**What you will do**
What you should give back is a precise copy of the lines below from the one containing "Hi there. Do" through the one containing "The last of", with no pictures.

(Dataset items)

##############################

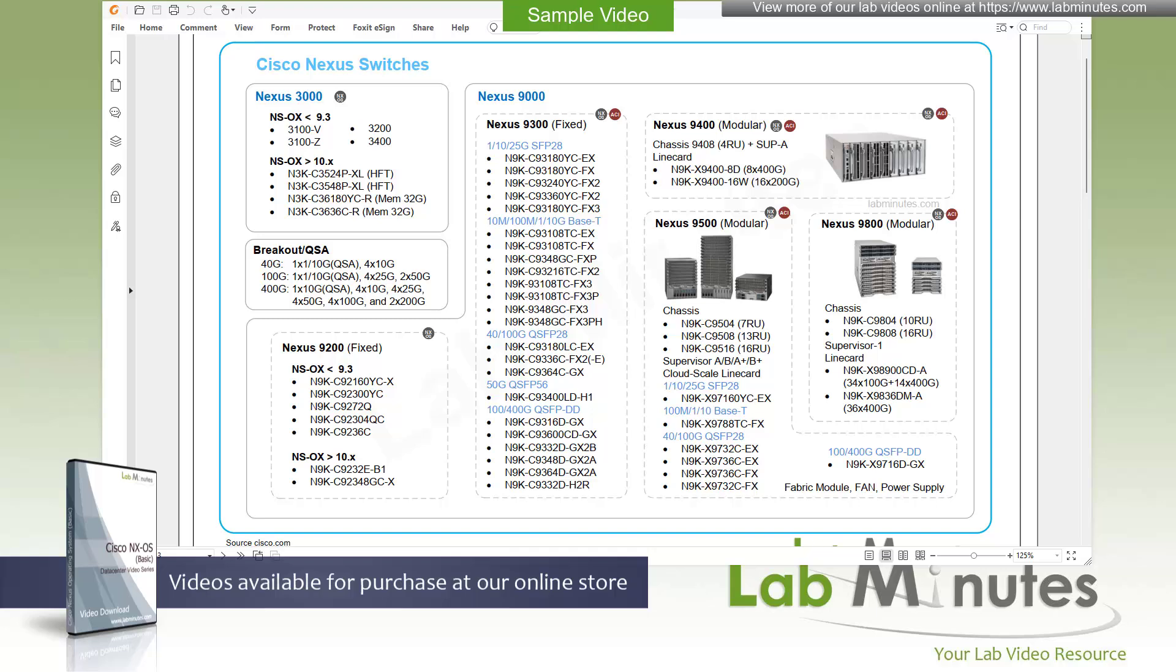Welcome to labmins.com and a lab video series on Cisco and NXOS. This is Mehta, your instructor for this video series.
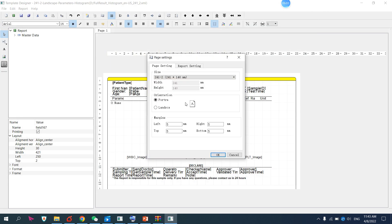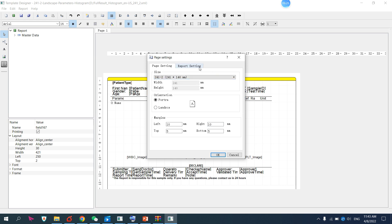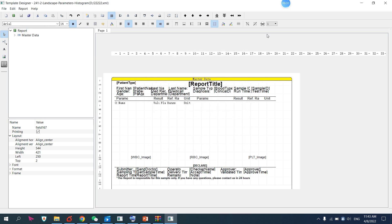There is also another option: you can adjust the page settings. For the left side, you can increase from 5mm to 10mm. From the right, you can also set 10mm. Top and bottom margins — set whatever you want. You can also adjust the page size and report settings. Edit everything according to your requirement, then save.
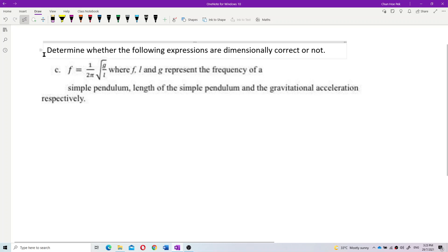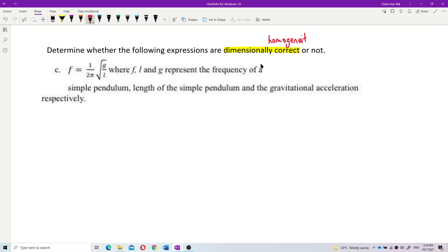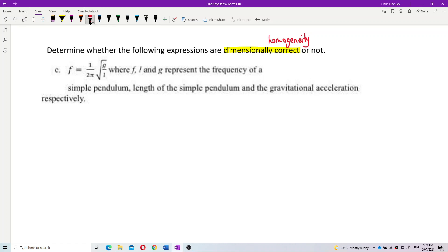The question asks to determine whether the following expressions are dimensionally correct or not. This question is about checking dimensional homogeneity. The expression is f = 1/(2π) × √(g/l), where f, l, and g represent the frequency of a simple pendulum, the length of the simple pendulum, and the gravitational acceleration respectively.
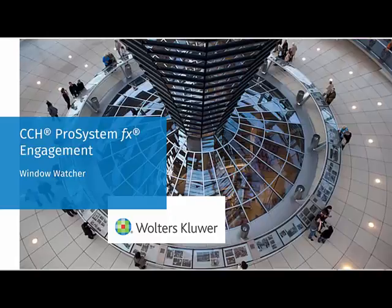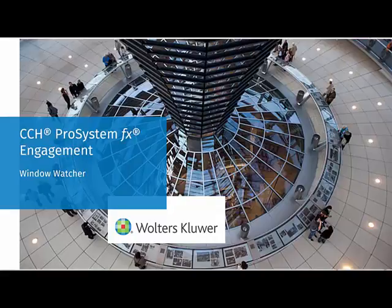Hi there! Welcome to the CCH ProSystem fx Engagement Video Update Series. In this segment, we're going to review the new CCH ProSystem fx Engagement Window Watcher Utility.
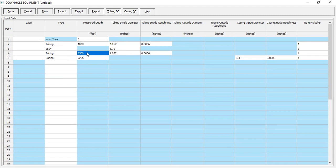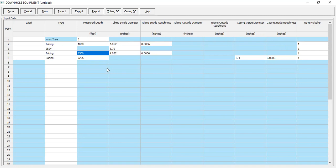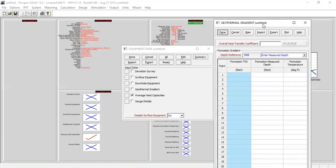The second tubing section goes down to 8500 feet with the same inside diameter and roughness. We also have casing — the bottom of our casing is located at 9275 feet and the inside diameter of our casing is 6.4 with the same default inside roughness. Rate multiplier is one for all equipment. You can follow this configuration.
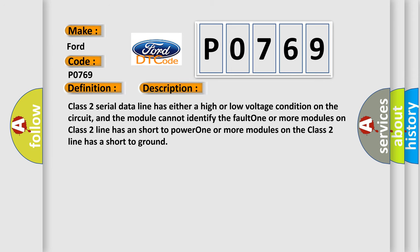Class 2 serial data line has either a high or low voltage condition on the circuit, and the module cannot identify the fault. One or more modules on Class 2 line has a short to power. One or more modules on the Class 2 line has a short to ground.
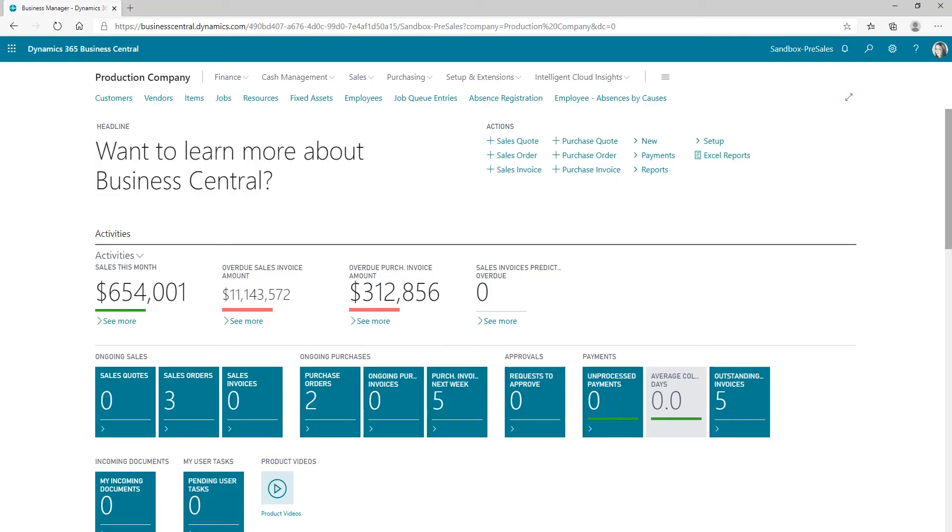Hi there. Do you want to add Power BI reports to your customer, vendor, and item lists? Yes, you do. Well, this is how you do it.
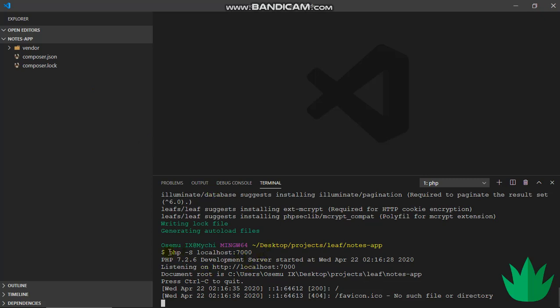After that, I started the server first even though I don't have anything here. So php -s, that's capital S - make sure it's capital, else it won't work - then localhost:7000.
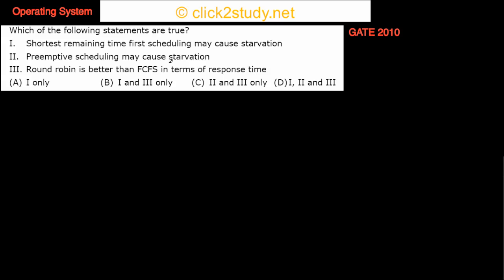Coming to the next problem. Which of the following statements are true? Shortest remaining time first scheduling may cause starvation, preemptive scheduling may cause starvation, round-robin is better than FCFS first come first serve in terms of response time — and then we have to choose the correct choice.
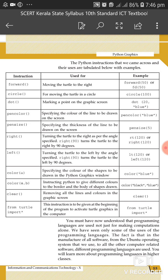From turtle import star — this instruction needs to be given at the beginning of the program to activate turtle graphics. These instructions are clear to us now.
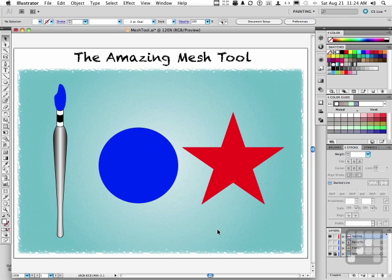The last of the tools we're going to look at — I don't want to say I saved the best for last because all these tools are really cool — but this one's pretty unique. It's called the Mesh Tool. The Mesh Tool's been there for a couple of years. I call it the Amazing Mesh Tool because it takes gradients and stands them on their head.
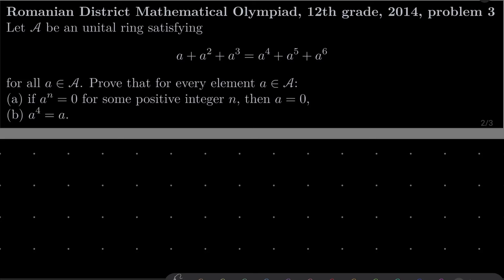Hello friends. In this video I'd like to solve the following problem from the Romanian District Mathematical Olympiad for 12th graders, 2014, problem number 3. Let A be a unital ring satisfying A plus A squared plus A cubed equals A to the 4th plus A to the 5th plus A to the 6th power for all elements A of our ring. We wish to prove that for every element of this ring, if A raised to some positive integer power n equals 0, then A itself must be 0. Moreover, we wish to show that A to the 4th power equals A for every element of this ring.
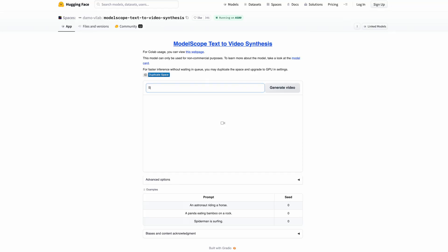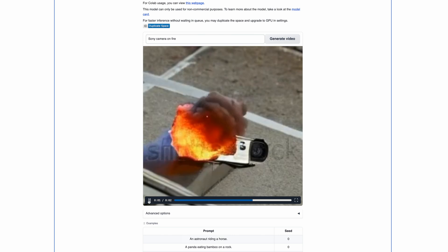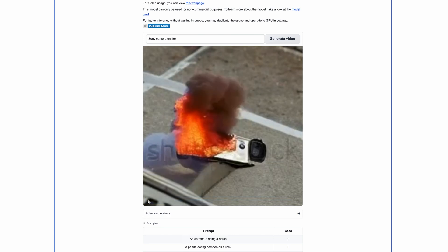Hi, this is Andrea and today I want to show you something that is a small step but the first step into a completely new world of text-to-video generated content. Since yesterday on Hugging Face you can play around with a new ModelScope tool where you can generate videos from pure text without using any image. What you get are short 2-second clips and the quality is extremely low.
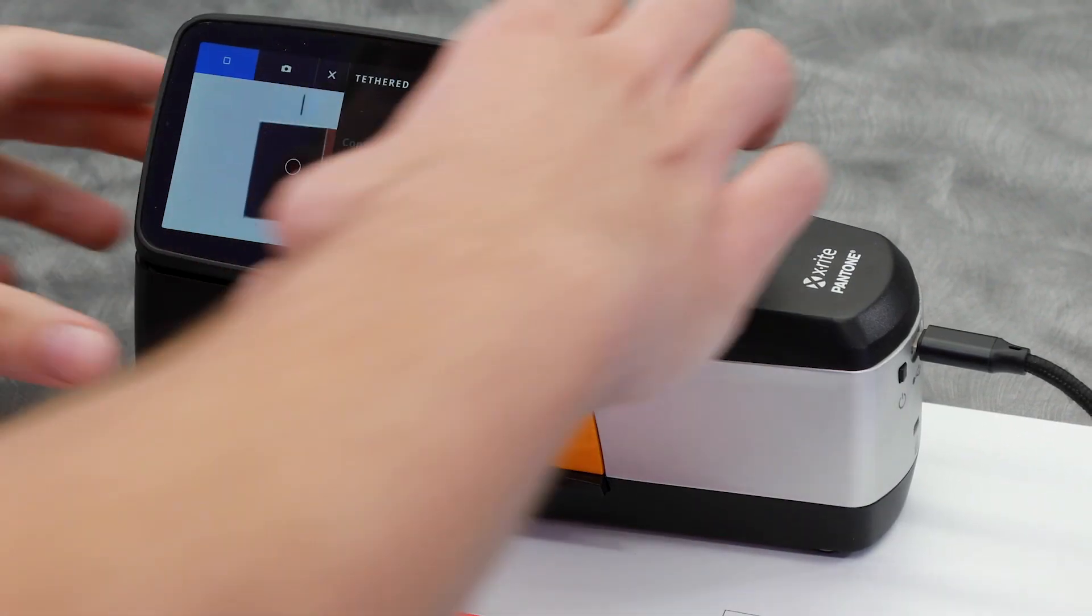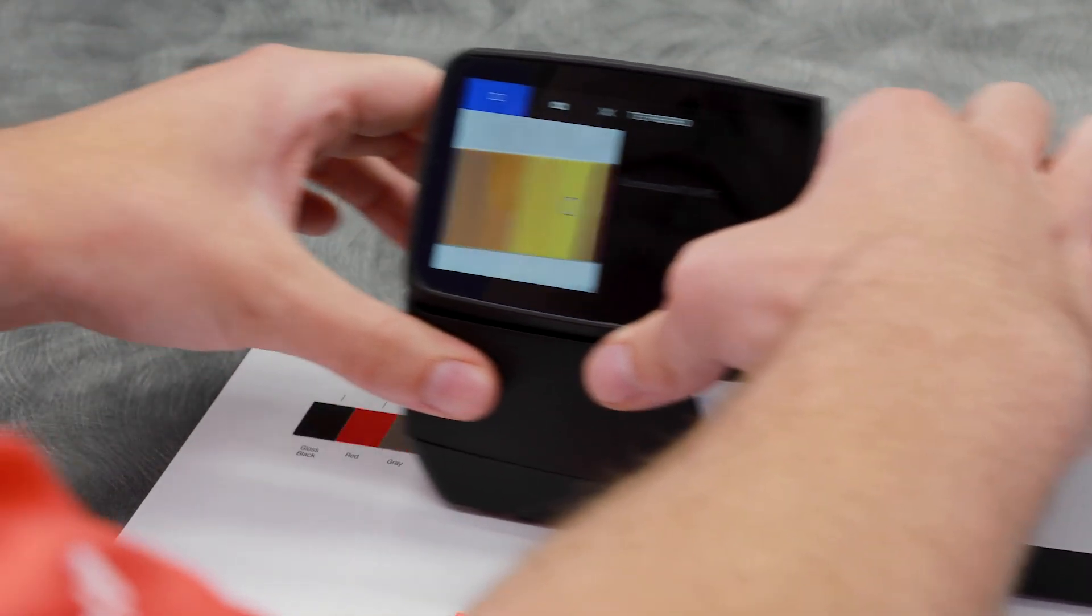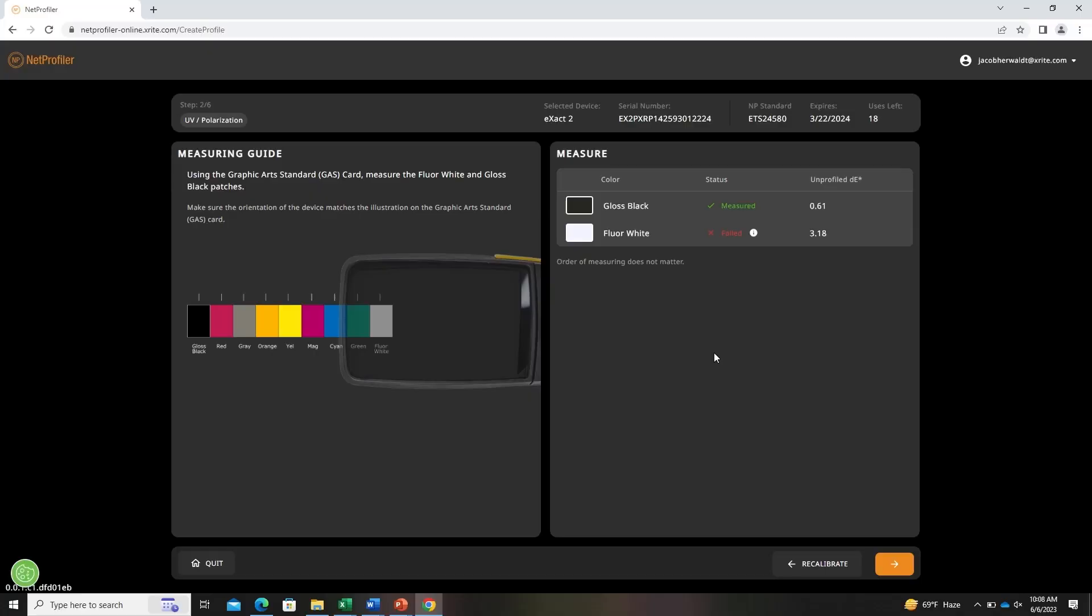Here I'm showing you what a failed measurement will look like on screen. You'll be prompted with tips on how to improve the measurement. Now we'll move on to the next step.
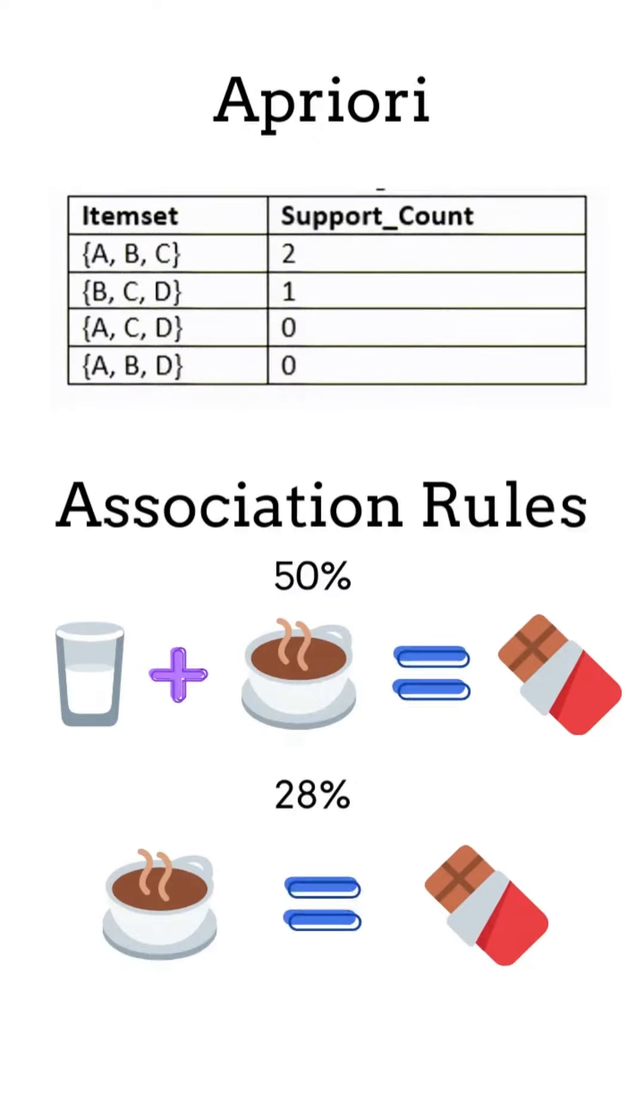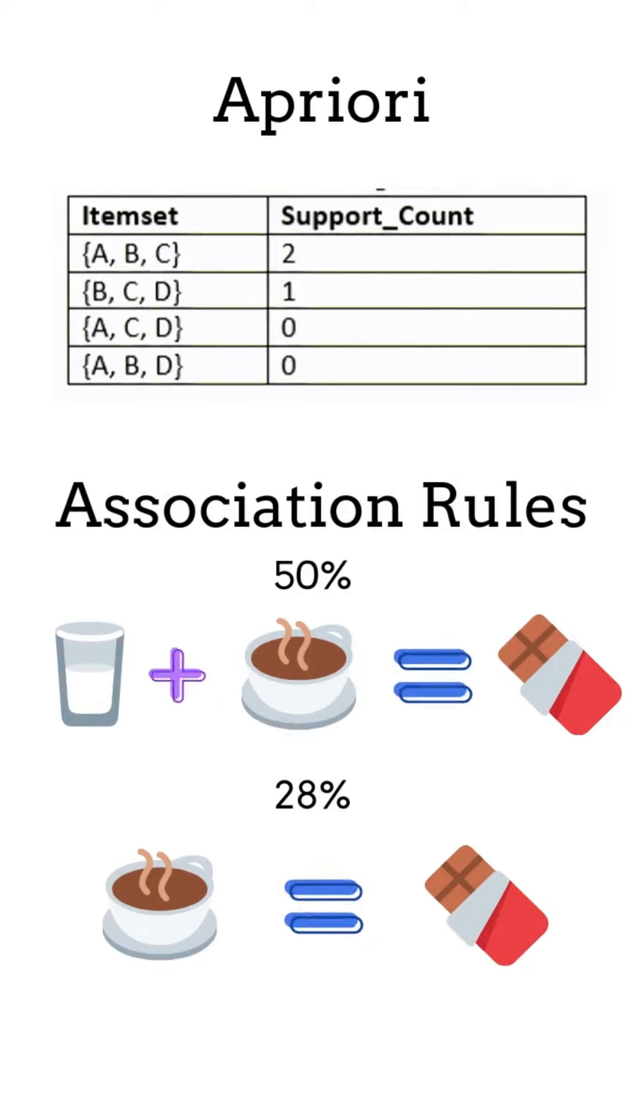We can run a priori algorithm on the previous data set to get these item sets from which we can deduce association rules.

##############################

**Reply to the task**
Hi there. Do you want to add Power BI reports to your customer, vendor, and item lists? Yes, you do. Well, this is how you do it.
After that, I started the server first even though I don't have anything here. So php -s, that's capital S - make sure it's capital, else it won't work - then localhost:7000.
Coming to the next problem. Which of the following statements are true? Shortest remaining time first scheduling may cause starvation, preemptive scheduling may cause starvation, round-robin is better than FCFS first come first serve in terms of response time — and then we have to choose the correct choice.
From turtle import star — this instruction needs to be given at the beginning of the program to activate turtle graphics. These instructions are clear to us now.
The last of the tools we're going to look at — I don't want to say I saved the best for last because all these tools are really cool — but this one's pretty unique. It's called the Mesh Tool. The Mesh Tool's been there for a couple of years. I call it the Amazing Mesh Tool because it takes gradients and stands them on their head.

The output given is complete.